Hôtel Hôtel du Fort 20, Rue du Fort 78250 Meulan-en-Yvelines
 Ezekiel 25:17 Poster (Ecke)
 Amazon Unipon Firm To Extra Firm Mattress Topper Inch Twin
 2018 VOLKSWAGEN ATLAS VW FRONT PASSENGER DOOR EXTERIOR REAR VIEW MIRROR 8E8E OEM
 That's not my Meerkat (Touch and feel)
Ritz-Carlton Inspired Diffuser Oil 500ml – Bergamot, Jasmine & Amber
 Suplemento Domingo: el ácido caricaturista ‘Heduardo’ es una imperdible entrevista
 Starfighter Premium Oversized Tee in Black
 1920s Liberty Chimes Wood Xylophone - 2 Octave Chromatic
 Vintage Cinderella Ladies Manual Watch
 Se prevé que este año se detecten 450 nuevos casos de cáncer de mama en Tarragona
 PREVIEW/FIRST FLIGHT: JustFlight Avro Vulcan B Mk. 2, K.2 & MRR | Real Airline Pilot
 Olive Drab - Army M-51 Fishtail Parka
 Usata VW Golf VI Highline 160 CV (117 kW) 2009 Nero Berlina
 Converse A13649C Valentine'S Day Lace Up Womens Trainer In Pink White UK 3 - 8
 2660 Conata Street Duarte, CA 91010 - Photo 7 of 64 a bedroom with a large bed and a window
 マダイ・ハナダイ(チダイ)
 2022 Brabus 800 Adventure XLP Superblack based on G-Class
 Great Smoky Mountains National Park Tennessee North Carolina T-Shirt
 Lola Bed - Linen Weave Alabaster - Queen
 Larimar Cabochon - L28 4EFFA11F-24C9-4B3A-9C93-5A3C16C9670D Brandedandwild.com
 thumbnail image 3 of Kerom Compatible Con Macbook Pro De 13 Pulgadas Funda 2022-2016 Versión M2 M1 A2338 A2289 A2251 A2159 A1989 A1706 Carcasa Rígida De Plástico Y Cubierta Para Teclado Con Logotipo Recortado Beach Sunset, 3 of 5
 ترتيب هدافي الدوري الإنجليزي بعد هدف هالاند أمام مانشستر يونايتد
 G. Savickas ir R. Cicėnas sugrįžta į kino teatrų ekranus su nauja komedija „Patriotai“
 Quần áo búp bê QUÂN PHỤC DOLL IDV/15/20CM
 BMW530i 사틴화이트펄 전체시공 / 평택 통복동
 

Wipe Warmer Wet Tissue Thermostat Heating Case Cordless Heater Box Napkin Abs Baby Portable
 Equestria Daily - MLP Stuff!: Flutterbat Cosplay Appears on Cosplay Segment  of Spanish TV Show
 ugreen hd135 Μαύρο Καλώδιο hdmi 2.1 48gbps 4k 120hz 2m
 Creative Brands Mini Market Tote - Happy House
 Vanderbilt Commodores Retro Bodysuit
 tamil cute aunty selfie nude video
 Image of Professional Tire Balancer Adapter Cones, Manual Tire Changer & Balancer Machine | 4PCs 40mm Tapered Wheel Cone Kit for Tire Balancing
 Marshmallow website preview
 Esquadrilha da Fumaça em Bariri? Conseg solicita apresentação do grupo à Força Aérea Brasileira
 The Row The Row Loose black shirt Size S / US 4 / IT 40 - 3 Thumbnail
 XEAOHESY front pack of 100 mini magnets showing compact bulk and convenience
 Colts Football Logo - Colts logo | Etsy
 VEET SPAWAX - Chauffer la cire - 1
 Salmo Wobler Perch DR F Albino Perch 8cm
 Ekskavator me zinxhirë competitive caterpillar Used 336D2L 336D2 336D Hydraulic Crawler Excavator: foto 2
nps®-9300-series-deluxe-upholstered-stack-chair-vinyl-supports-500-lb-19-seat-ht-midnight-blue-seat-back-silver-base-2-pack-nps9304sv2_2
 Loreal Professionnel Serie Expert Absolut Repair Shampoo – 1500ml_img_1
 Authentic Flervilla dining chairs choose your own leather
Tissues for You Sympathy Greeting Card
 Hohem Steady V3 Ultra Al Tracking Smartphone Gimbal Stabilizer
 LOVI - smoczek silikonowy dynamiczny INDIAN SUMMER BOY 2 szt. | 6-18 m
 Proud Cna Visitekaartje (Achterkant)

• _DIRECTIONS_
The lines holding the string "pack" in the listing above are what you should copy out.

• _RESULT BELOW_
 XEAOHESY front pack of 100 mini magnets showing compact bulk and convenience
nps®-9300-series-deluxe-upholstered-stack-chair-vinyl-supports-500-lb-19-seat-ht-midnight-blue-seat-back-silver-base-2-pack-nps9304sv2_2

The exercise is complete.